=== Task material ===

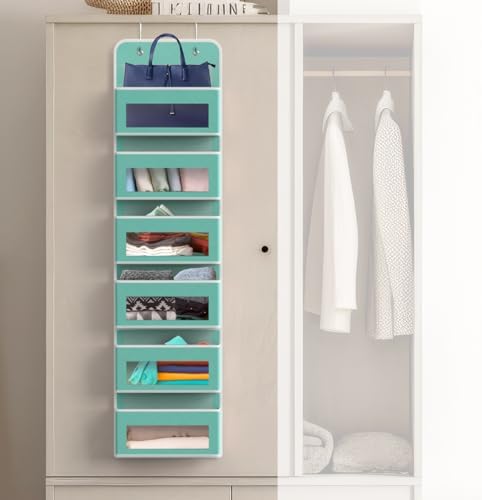 Simple Houseware 6 Clear Pocket Over Door Hanging Organizer, Turquoise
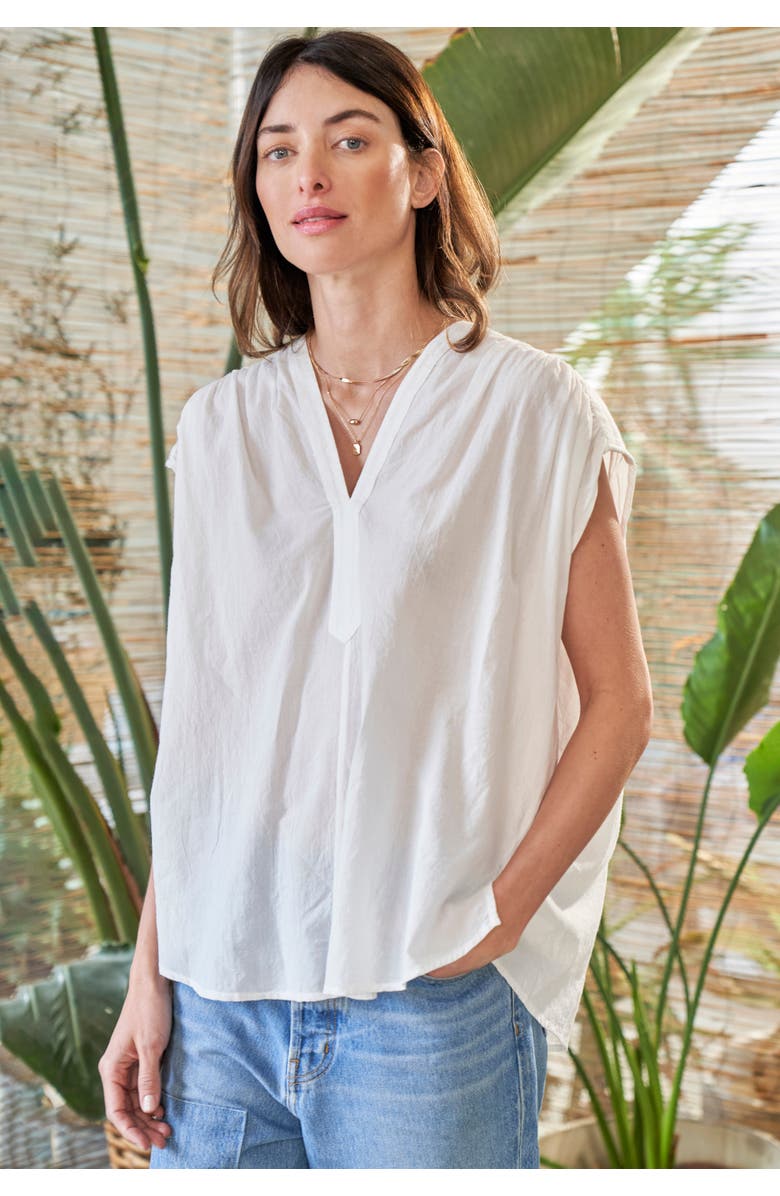 ocean+main Sleeveless Rouched Top, Alternate, color, White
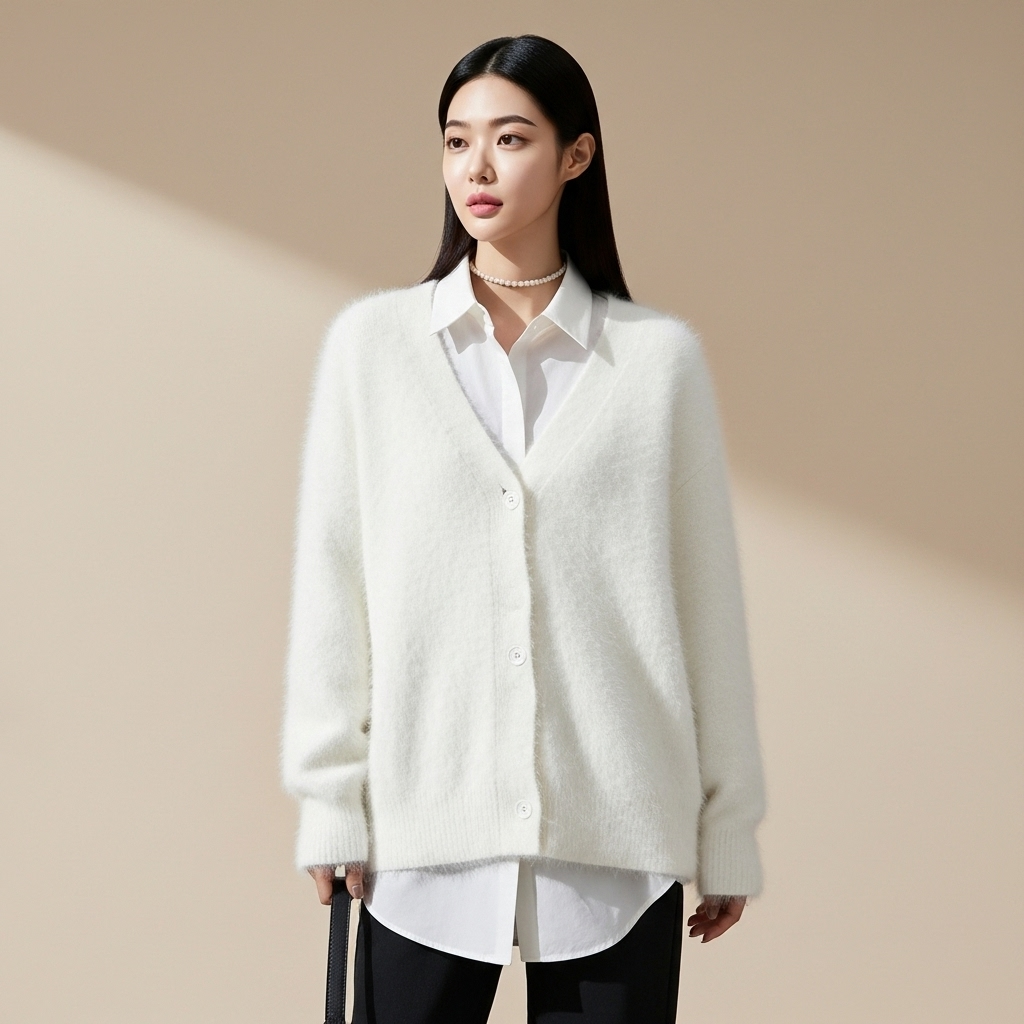 Oversized fluffy knit cardigan in white worn by a standing model, showing a relaxed fit, fuzzy texture, v-neckline, and front button closure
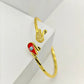 Swan Charm Gold Plated Enamel Bracelet for Women | Anti-Tarnish Stainless Steel Open Cuff Bangle - The Soul Jewellery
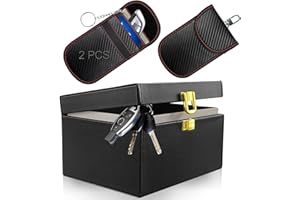 VALART Caja Faraday para Llave Coche + 2 pcs Bolsa Llavero Faraday Caja de Llaves Faraday Bloqueador de señal Faraday Bolso para Entrada Sin Llave Caja Bloqueadora de señal RFID(1 Bloqueo Simple + 2 Bolsa)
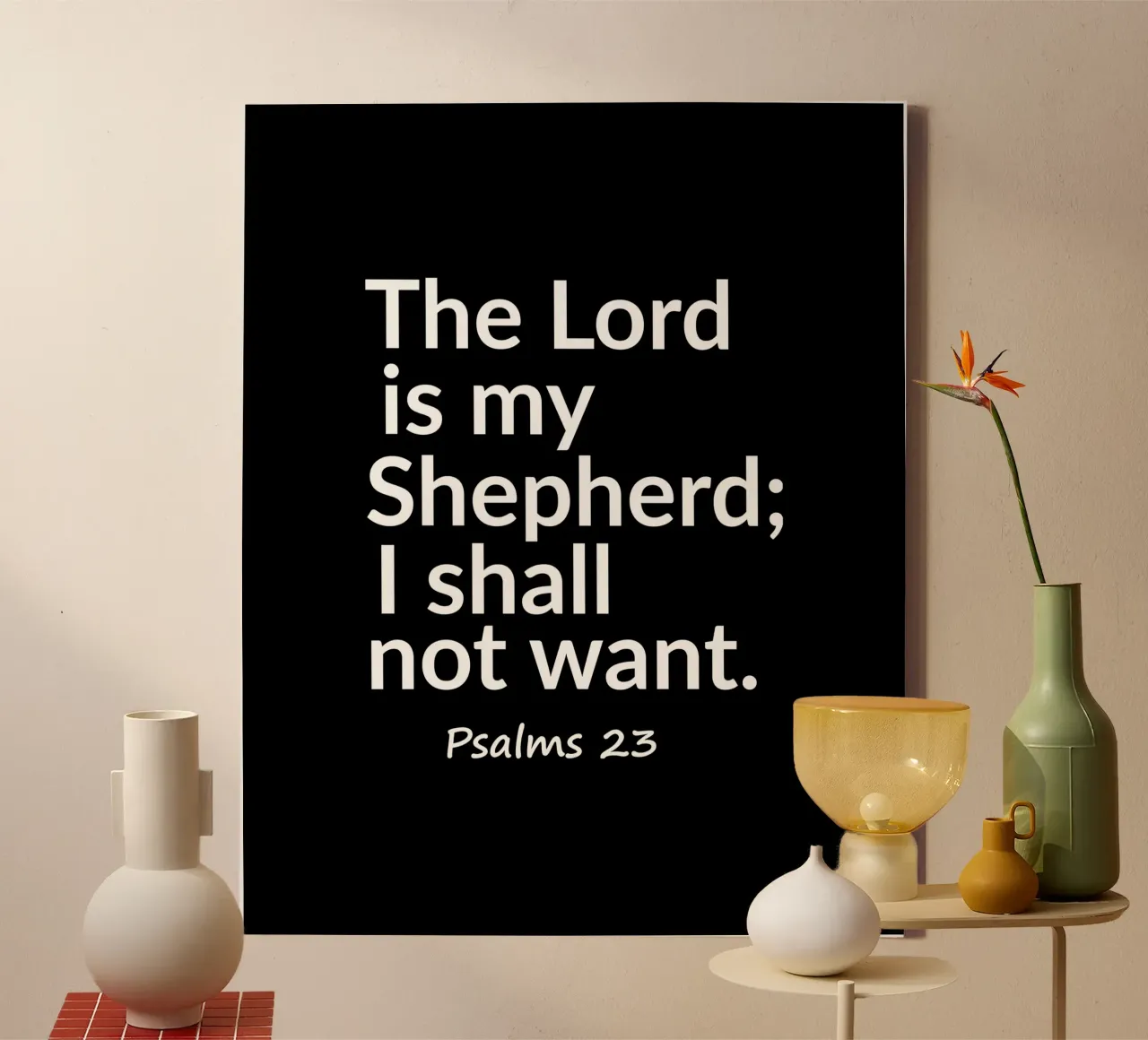 The Lord is my shepherd Psalms 23 tela con Cornice a cassetta da happieeagle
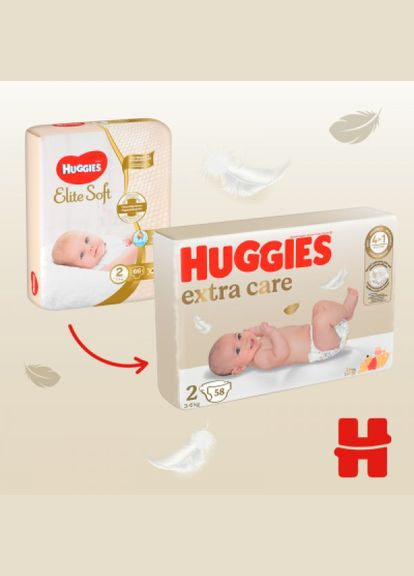 Підгузки Huggies extra care 2 (3-6 кг) 58 шт (268143203)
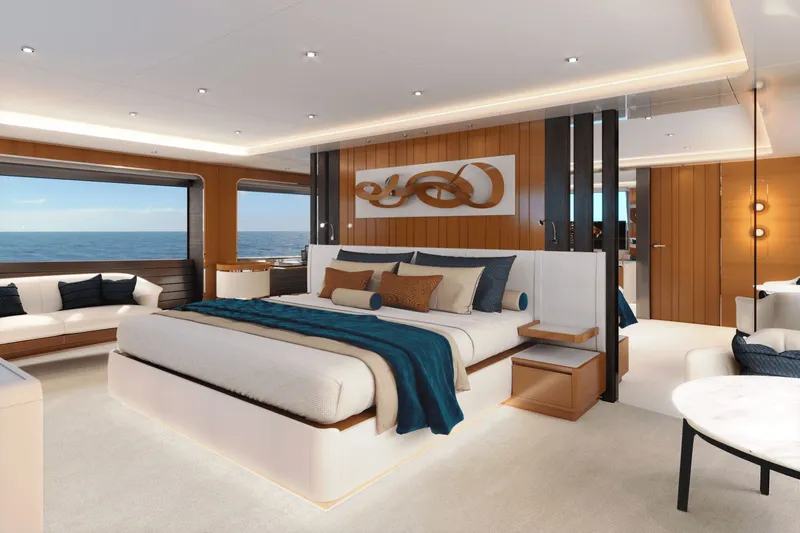  Yacht Photos Pics Luxurious bedroom on Ocean Alexander 35P yacht, model year 2026.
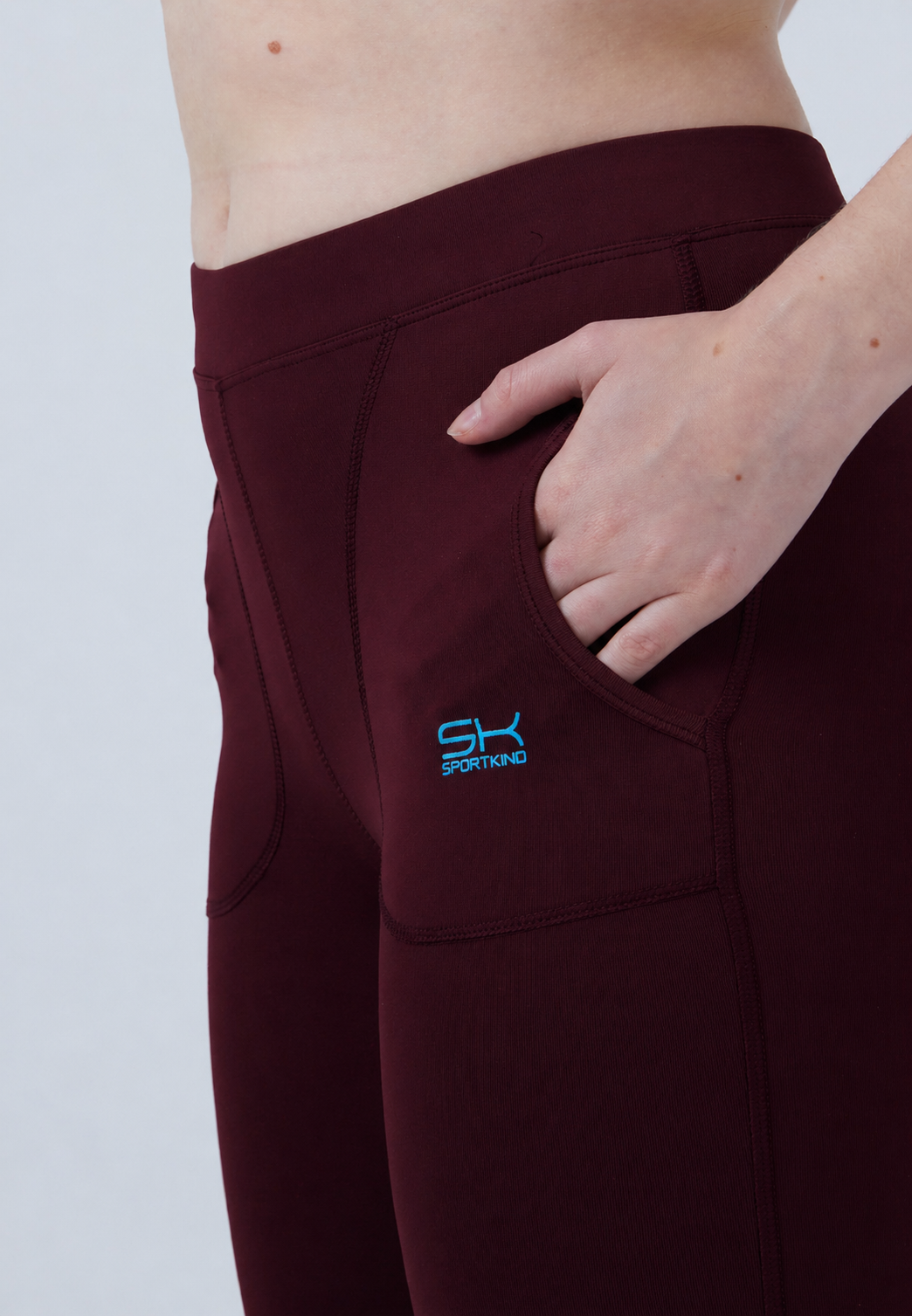 Mädchen & Damen Tennis 3/4-Leggings mit Taschen, burgunder rot von SPORTKIND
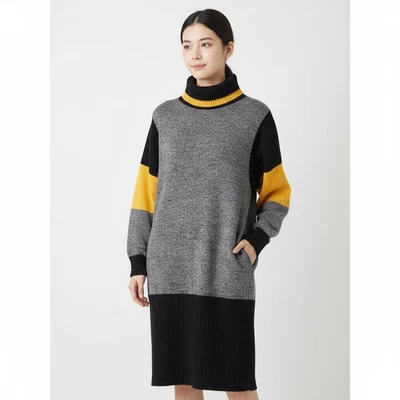 Vestido Suéter Picky Vicky Para Mujer Talla L Bloque de Color Años 80 Cuello Alto Retro Acogedor Foto 1 de 4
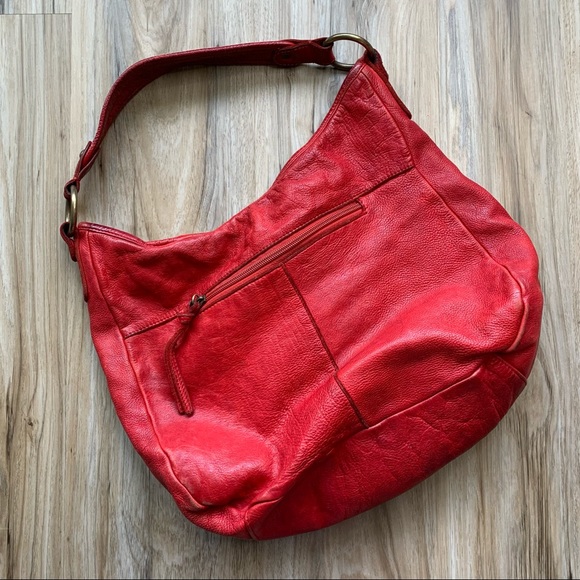 Anthropologie TANO Bright Red Leather Boho Slouch Purse - Large Size Bag - Picture 5 of 11
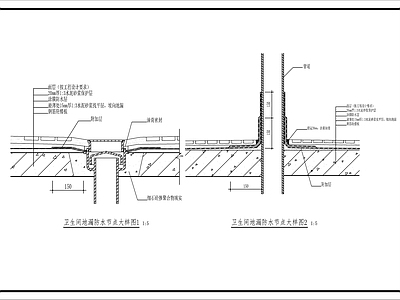 现代地面节点 卫生间防水做法3 施工图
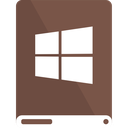 brown, drive, white, windows icon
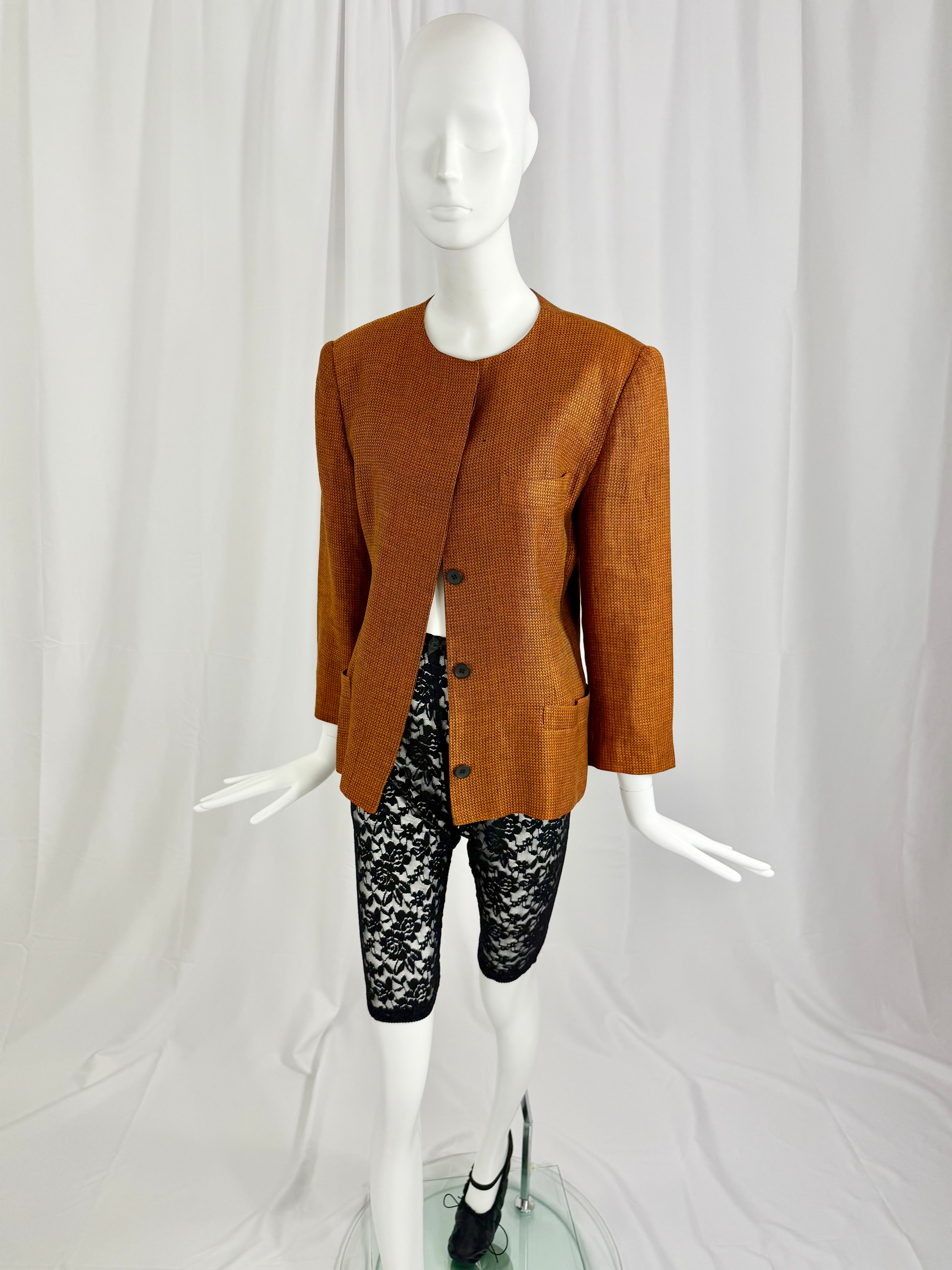 Late 80's/ Early 90's CALVIN KLEIN Collarless Blazer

===

• What you will do:
Write out exactly the lines that run from the one containing "Swan Charm Gold" to the last line of the entries above, both ends kept, pictures left out.

• Reply to the task:
 Swan Charm Gold Plated Enamel Bracelet for Women | Anti-Tarnish Stainless Steel Open Cuff Bangle - The Soul Jewellery
 VALART Caja Faraday para Llave Coche + 2 pcs Bolsa Llavero Faraday Caja de Llaves Faraday Bloqueador de señal Faraday Bolso para Entrada Sin Llave Caja Bloqueadora de señal RFID(1 Bloqueo Simple + 2 Bolsa)
 The Lord is my shepherd Psalms 23 tela con Cornice a cassetta da happieeagle
 Підгузки Huggies extra care 2 (3-6 кг) 58 шт (268143203)
  Yacht Photos Pics Luxurious bedroom on Ocean Alexander 35P yacht, model year 2026.
 Mädchen & Damen Tennis 3/4-Leggings mit Taschen, burgunder rot von SPORTKIND
 Vestido Suéter Picky Vicky Para Mujer Talla L Bloque de Color Años 80 Cuello Alto Retro Acogedor Foto 1 de 4
 Anthropologie TANO Bright Red Leather Boho Slouch Purse - Large Size Bag - Picture 5 of 11
 现代地面节点 卫生间防水做法3 施工图
 brown, drive, white, windows icon
 Late 80's/ Early 90's CALVIN KLEIN Collarless Blazer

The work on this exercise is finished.